#### Prompt
Every word in the data below belongs in your copy, exactly as given; the pictures do not.

#### Short descriptive text snippets
────────────────────
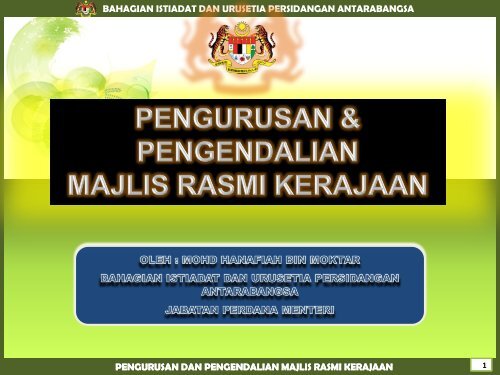 pengurusan dan pengendalian majlis rasmi kerajaan - Bahagian ...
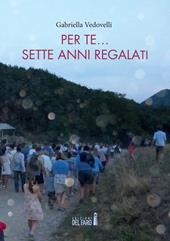 Per te… Sette anni regalati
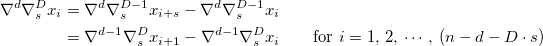 \notag\begin{alignat}{2}\nabla^d \nabla_s^D x_i &= \nabla^d \nabla_s^{D-1} x_{i+s} - \nabla^d \nabla_s^{D-1} x_{i}  \\ &=  \nabla^{d-1} \nabla_s^{D} x_{i+1} - \nabla^{d-1} \nabla_s^{D} x_{i} \qquad\text{for } i=1,\, 2,\, \cdots,\, (n - d - D \cdot 
 s)\end{alignat}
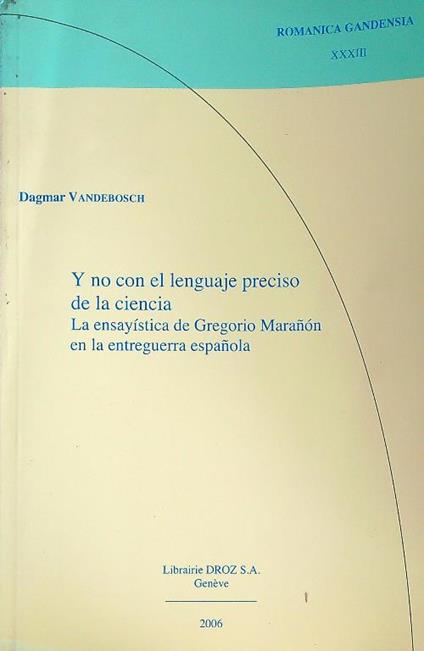 Y no con el lenguaje preciso de la ciencia. Romanica Gandensia XXXIII - Dagmar Vandebosch - copertina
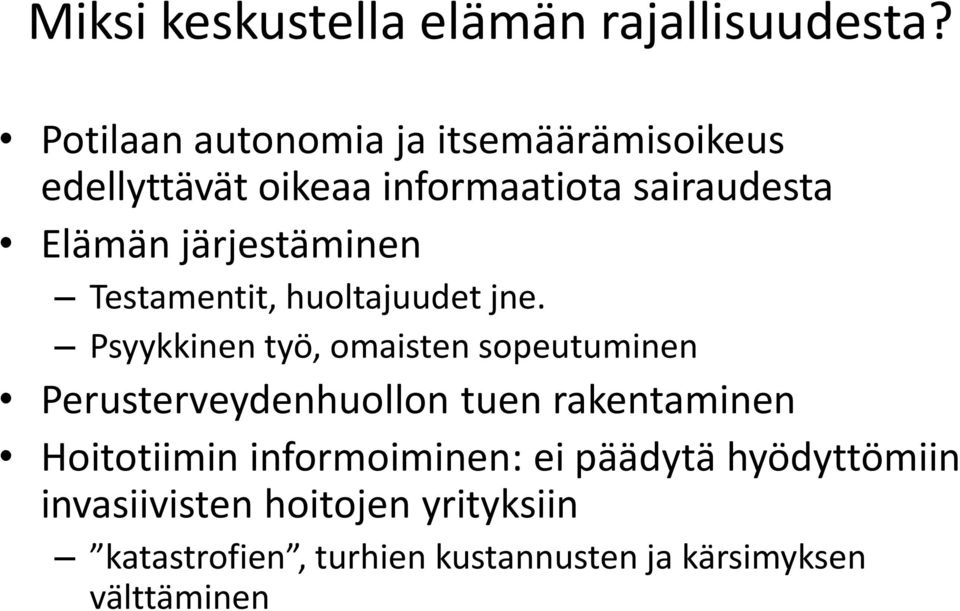 järjestäminen Testamentit, huoltajuudet jne.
────────────────────
#### Task answer
 pengurusan dan pengendalian majlis rasmi kerajaan - Bahagian ...
 Per te… Sette anni regalati
 \notag\begin{alignat}{2}\nabla^d \nabla_s^D x_i &= \nabla^d \nabla_s^{D-1} x_{i+s} - \nabla^d \nabla_s^{D-1} x_{i}  \\ &=  \nabla^{d-1} \nabla_s^{D} x_{i+1} - \nabla^{d-1} \nabla_s^{D} x_{i} \qquad\text{for } i=1,\, 2,\, \cdots,\, (n - d - D \cdot 
 s)\end{alignat}
 Y no con el lenguaje preciso de la ciencia. Romanica Gandensia XXXIII - Dagmar Vandebosch - copertina
 järjestäminen Testamentit, huoltajuudet jne.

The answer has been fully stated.